Pakar antrolopogi sosial Jeannette Kupfermann menganalisis penyebab kondisi tersebut. Menurut ia, faktor utamanya adalah kurangnya komunikasi warga negara yang telah sepuh dengan anak mereka.
Kupfermann mendapati, banyak orangtua cenderung enggan (bahkan 'takut') menyampaikan kebutuhan kasih sayang dari anak. Para orangtua lebih suka mengalah, melihat anak-anak bahagia dalam dunia mereka sendiri.
Terlebih, kata ia, warga Inggris cenderung menempatkan posisi lansia jauh dari prioritas utama dalam kehidupan sibuk.
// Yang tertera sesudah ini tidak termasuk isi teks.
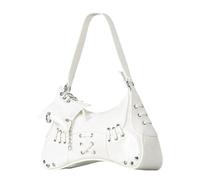 FIRSTXIU Retro Styles Armpit Bag Women 90s Trendy PU Leather Underarm Bags Stylish Shoulder Purse Elegant Crossbody Handbag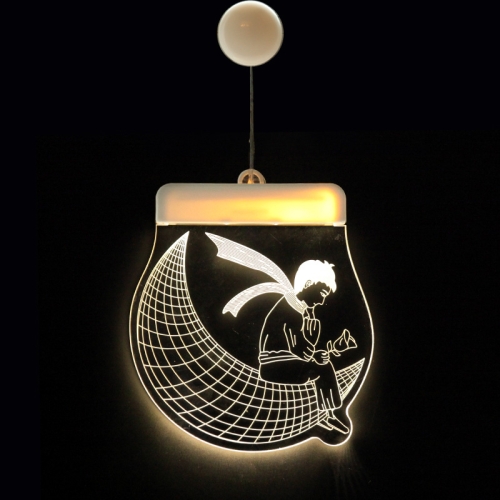 

2 PCS Christmas Decoration Lights 3D Acrylic Board Hanging Lights, Specification:Battery Powered, Style:Little Boy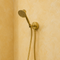 Handcrafted Brass Handheld Shower Set with Wall Mount & Flexible Hose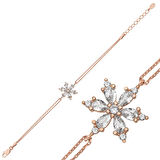 Gümüş Beyaz Lotus Çiçeği Bileklik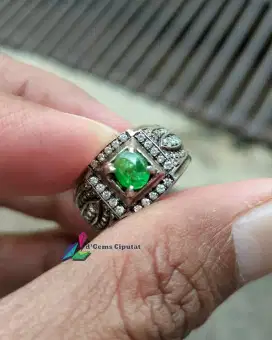 Batu Cincin Akik Permata Natural Tsavorite Garnet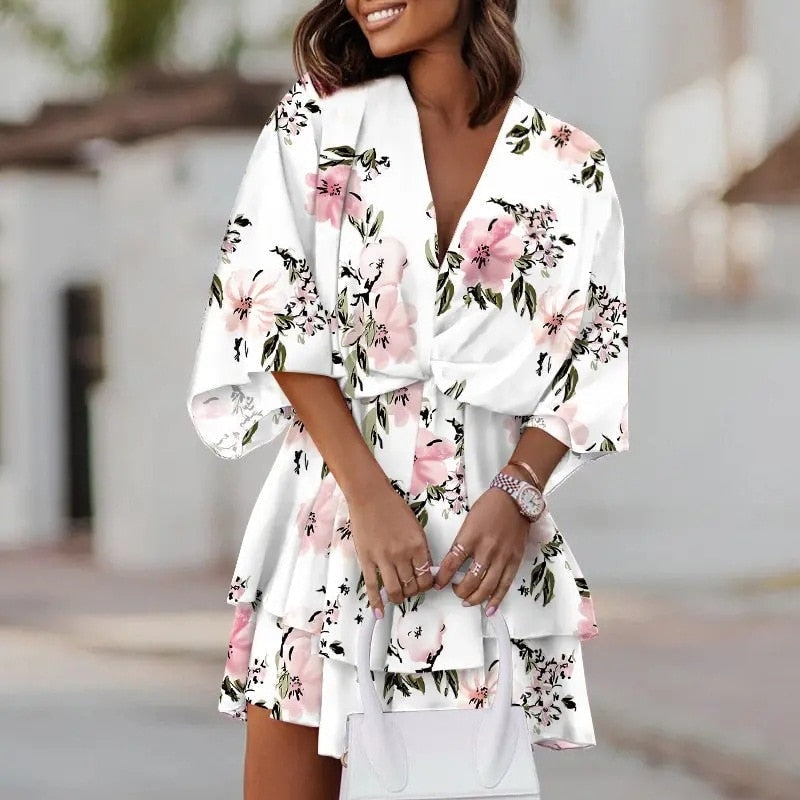 Boheme-inspireret kort kjole til kvinder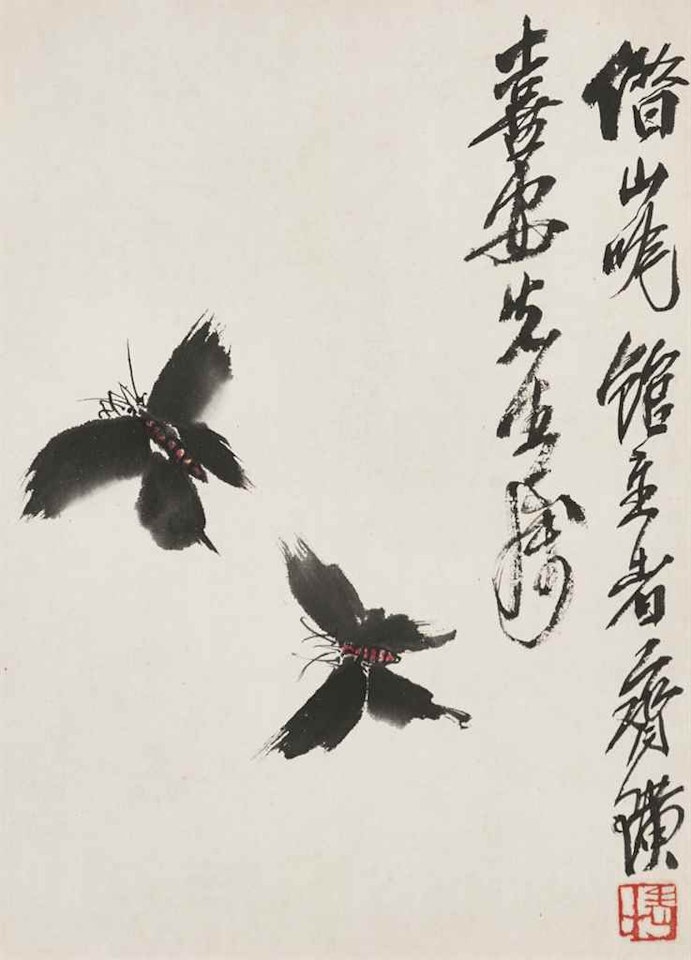 Two Butterflies by Qi Baishi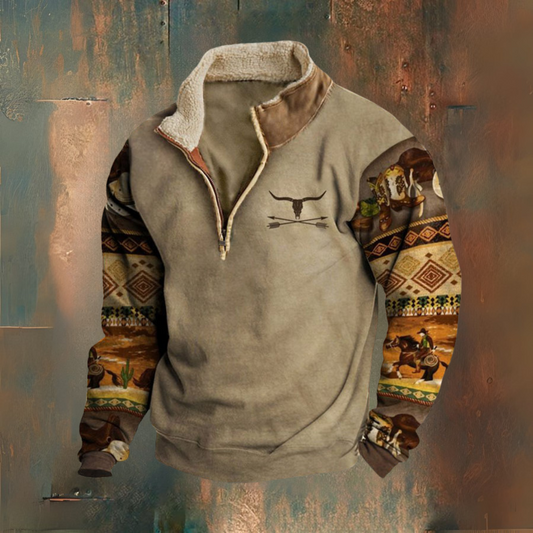 Charles™ | Veste demi-zip d’automne-hiver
Tak jarang yang mengirimkan orangtuanya yang sudah lanjut usia ke panti jompo dan enggan tinggal bersama.
Perempuan yang menamatkan studi formal di London School of Economics itu berujar, tidak seharusnya lansia diperlakukan demikian. Perasaan ditinggalkan dan tidak dilibatkan dalam berbagai keputusan penting keluarga bisa mengarah pada kesepian yang makin akut.
Orangtua atau kakek-nenek tentu ingin melihat tumbuh kembang keturunanya. Jikalau terpaksa hidup terpisah karena tak ada yang mengurus, ucap Kupfermann, hal-hal manis seperti rutin menelepon, makan siang bersama, kunjungan berkala, juga perayaan ulang tahun, sangat perlu dilakoni.
"Mereka adalah bagian dari keluarga, punya hak untuk dicintai dan dipedulikan, bagaimanapun kehadiran mereka yang membuat kita ada, menambah warna dan kekayaan tersendiri dalam hidup," ungkap penulis buku When the Crying's Done: A Journey Through Widowhood itu.